Task goal:
What appears from the first line of the data below through the line containing "Maschera Cross 100%", both included, should be copied exactly, and nothing else.

Supplied records:

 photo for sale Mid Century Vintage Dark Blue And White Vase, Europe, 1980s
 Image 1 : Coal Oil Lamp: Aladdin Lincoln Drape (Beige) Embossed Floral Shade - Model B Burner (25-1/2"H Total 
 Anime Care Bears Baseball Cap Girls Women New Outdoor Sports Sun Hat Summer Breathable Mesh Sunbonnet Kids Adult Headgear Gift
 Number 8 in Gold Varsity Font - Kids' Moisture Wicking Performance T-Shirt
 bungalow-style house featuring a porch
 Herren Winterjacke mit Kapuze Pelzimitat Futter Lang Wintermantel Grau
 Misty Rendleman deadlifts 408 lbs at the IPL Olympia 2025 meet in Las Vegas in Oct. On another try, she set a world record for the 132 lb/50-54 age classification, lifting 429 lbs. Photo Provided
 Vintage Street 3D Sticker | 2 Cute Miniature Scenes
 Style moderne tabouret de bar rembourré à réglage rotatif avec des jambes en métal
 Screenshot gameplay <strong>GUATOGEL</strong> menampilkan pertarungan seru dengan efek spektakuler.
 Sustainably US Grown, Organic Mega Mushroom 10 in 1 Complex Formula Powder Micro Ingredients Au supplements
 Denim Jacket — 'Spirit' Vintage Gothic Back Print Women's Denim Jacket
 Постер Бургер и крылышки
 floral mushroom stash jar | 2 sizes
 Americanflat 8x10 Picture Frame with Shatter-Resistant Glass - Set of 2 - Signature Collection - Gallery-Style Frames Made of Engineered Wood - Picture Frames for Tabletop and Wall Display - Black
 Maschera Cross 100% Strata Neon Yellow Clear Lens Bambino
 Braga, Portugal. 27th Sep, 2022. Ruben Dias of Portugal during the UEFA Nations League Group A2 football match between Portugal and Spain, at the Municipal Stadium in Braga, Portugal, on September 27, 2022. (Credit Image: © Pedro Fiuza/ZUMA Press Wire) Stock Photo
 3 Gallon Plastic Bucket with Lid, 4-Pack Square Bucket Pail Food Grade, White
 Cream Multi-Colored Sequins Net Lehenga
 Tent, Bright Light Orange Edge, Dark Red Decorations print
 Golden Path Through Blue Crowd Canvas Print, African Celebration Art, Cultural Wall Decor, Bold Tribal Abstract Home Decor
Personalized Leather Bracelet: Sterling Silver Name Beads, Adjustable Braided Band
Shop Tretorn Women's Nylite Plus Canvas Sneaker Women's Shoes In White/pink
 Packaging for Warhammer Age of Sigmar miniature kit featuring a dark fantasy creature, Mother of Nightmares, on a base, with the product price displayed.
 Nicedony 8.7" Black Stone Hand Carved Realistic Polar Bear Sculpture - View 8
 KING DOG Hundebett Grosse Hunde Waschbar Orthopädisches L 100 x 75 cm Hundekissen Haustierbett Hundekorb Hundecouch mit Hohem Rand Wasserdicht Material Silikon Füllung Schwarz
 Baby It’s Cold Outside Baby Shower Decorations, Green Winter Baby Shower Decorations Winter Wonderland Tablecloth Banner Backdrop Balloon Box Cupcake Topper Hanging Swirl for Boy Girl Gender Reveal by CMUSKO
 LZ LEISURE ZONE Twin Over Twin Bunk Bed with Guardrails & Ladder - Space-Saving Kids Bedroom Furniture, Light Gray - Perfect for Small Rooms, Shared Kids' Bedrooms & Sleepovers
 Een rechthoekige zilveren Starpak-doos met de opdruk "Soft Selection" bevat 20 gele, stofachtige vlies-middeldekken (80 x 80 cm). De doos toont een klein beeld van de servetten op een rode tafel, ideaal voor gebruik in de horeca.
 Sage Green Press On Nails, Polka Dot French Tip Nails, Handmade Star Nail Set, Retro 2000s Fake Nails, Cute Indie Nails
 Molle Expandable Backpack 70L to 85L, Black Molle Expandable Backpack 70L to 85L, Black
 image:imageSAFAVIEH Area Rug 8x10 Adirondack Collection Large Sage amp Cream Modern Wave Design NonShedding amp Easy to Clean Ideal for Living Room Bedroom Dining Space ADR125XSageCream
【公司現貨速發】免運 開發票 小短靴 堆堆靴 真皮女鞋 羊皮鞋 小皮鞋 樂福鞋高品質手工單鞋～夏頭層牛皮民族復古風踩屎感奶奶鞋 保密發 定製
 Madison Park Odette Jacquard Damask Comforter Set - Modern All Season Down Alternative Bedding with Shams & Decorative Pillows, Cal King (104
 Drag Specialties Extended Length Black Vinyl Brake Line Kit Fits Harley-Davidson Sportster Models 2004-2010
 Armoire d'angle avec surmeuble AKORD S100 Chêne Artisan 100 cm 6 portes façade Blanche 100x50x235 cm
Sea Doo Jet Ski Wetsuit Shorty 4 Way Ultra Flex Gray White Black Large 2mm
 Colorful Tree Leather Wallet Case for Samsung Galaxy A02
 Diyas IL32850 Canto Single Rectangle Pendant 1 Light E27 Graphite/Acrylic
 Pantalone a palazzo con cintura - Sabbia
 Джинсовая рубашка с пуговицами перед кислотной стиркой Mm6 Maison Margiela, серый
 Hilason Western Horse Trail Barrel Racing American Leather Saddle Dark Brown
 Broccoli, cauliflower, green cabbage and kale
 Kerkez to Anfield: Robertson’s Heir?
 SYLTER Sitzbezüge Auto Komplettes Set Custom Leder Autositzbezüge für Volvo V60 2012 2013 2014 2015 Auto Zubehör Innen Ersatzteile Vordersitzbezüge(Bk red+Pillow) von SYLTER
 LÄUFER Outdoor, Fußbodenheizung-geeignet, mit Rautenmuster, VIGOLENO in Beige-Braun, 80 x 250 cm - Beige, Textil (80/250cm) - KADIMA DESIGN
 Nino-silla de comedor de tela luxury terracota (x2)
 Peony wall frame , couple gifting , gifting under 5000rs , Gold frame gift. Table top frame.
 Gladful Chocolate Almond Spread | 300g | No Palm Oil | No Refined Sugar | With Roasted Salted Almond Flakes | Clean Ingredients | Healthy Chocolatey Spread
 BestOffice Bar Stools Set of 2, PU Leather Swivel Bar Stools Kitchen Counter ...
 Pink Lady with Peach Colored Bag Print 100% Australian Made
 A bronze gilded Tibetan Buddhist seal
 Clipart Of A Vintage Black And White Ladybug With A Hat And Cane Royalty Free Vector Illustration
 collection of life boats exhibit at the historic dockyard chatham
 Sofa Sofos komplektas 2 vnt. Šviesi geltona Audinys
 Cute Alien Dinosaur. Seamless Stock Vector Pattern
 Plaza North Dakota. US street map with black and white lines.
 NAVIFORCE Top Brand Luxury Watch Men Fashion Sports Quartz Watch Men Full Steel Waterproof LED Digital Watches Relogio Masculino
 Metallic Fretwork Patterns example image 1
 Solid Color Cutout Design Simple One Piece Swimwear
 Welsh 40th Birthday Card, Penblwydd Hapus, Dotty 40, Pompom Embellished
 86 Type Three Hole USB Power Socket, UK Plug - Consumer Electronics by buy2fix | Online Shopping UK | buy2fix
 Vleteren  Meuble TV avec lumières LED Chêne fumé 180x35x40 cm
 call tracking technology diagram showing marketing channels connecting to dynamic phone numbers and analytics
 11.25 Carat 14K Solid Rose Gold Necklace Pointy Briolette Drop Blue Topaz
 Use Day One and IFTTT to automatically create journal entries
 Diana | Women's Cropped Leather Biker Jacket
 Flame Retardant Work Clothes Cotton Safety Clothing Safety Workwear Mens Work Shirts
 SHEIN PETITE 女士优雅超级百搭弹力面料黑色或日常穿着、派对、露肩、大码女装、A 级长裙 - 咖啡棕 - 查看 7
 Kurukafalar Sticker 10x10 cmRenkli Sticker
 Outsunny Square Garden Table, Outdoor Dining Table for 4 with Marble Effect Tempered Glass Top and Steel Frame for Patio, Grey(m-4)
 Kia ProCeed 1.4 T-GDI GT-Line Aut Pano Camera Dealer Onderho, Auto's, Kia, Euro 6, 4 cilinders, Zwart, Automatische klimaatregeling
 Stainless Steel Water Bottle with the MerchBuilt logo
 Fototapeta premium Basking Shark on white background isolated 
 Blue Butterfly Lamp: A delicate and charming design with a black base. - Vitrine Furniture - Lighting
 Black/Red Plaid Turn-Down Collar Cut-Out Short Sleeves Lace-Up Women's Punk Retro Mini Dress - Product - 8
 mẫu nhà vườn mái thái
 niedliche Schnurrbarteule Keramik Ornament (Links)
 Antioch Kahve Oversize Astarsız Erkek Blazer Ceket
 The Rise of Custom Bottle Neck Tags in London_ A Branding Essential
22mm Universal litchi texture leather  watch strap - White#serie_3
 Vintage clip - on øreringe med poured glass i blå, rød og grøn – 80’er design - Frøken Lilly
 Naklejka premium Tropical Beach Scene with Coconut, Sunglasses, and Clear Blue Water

Reply to the task:
 photo for sale Mid Century Vintage Dark Blue And White Vase, Europe, 1980s
 Image 1 : Coal Oil Lamp: Aladdin Lincoln Drape (Beige) Embossed Floral Shade - Model B Burner (25-1/2"H Total 
 Anime Care Bears Baseball Cap Girls Women New Outdoor Sports Sun Hat Summer Breathable Mesh Sunbonnet Kids Adult Headgear Gift
 Number 8 in Gold Varsity Font - Kids' Moisture Wicking Performance T-Shirt
 bungalow-style house featuring a porch
 Herren Winterjacke mit Kapuze Pelzimitat Futter Lang Wintermantel Grau
 Misty Rendleman deadlifts 408 lbs at the IPL Olympia 2025 meet in Las Vegas in Oct. On another try, she set a world record for the 132 lb/50-54 age classification, lifting 429 lbs. Photo Provided
 Vintage Street 3D Sticker | 2 Cute Miniature Scenes
 Style moderne tabouret de bar rembourré à réglage rotatif avec des jambes en métal
 Screenshot gameplay <strong>GUATOGEL</strong> menampilkan pertarungan seru dengan efek spektakuler.
 Sustainably US Grown, Organic Mega Mushroom 10 in 1 Complex Formula Powder Micro Ingredients Au supplements
 Denim Jacket — 'Spirit' Vintage Gothic Back Print Women's Denim Jacket
 Постер Бургер и крылышки
 floral mushroom stash jar | 2 sizes
 Americanflat 8x10 Picture Frame with Shatter-Resistant Glass - Set of 2 - Signature Collection - Gallery-Style Frames Made of Engineered Wood - Picture Frames for Tabletop and Wall Display - Black
 Maschera Cross 100% Strata Neon Yellow Clear Lens Bambino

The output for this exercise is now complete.